Perhaps the most notorious of these cases was that of Maher Arar, the dual Canadian-Syrian citizen who U.S. authorities arrested at JFK Airport in 2002, detained for several weeks, and then sent to Syria, where he was tortured. Arar, who, as we now know, had no links to terrorism, brought suit to challenge his “extraordinary rendition.” But in 2009, the federal appeals court in New York ruled, 7-4, that U.S. law does not recognize a “cause of action” for claims like Arar’s—and the Supreme Court denied certiorari three months later. Whereas Arar’s was by far the most prominent, a number of other challenges to post-9/11 counterterrorism policies have been dismissed on similar grounds—that the Constitution doesn’t authorize damages suits in such cases unless Congress specifically provides for them.

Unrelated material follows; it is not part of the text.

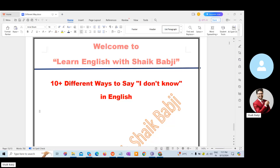Hello, viewers, welcome back to my channel — Learn English with Sheikh Badji. In this session, we are going to learn a different topic: 10 plus different ways to say I don't know in English. Let's learn.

But even when Congress has provided a “cause of action,” the courts have bent over backwards to avoid allowing their use to challenge controversial government counterterrorism policies. Late last year, for example, the Ninth Circuit threw out a challenge by an Islamic charity to allegedly unlawful governmental surveillance under the Foreign Intelligence Surveillance Act (FISA), even though that statute includes an express provision authorizing suits by parties whose communications are wrongfully intercepted thereunder. As the Court of Appeals concluded, although Congress did provide a private remedy for violations of the statute, Congress wasn’t sufficiently clear that it intended for that remedy to also encompass damages—and so there was no waiver of the federal government’s sovereign immunity. (Of course, this reasoning misses the whole point of the FISA provision, which is to allow individuals to sue after their communications are intercepted—at which point damages would be the only viable remedy.)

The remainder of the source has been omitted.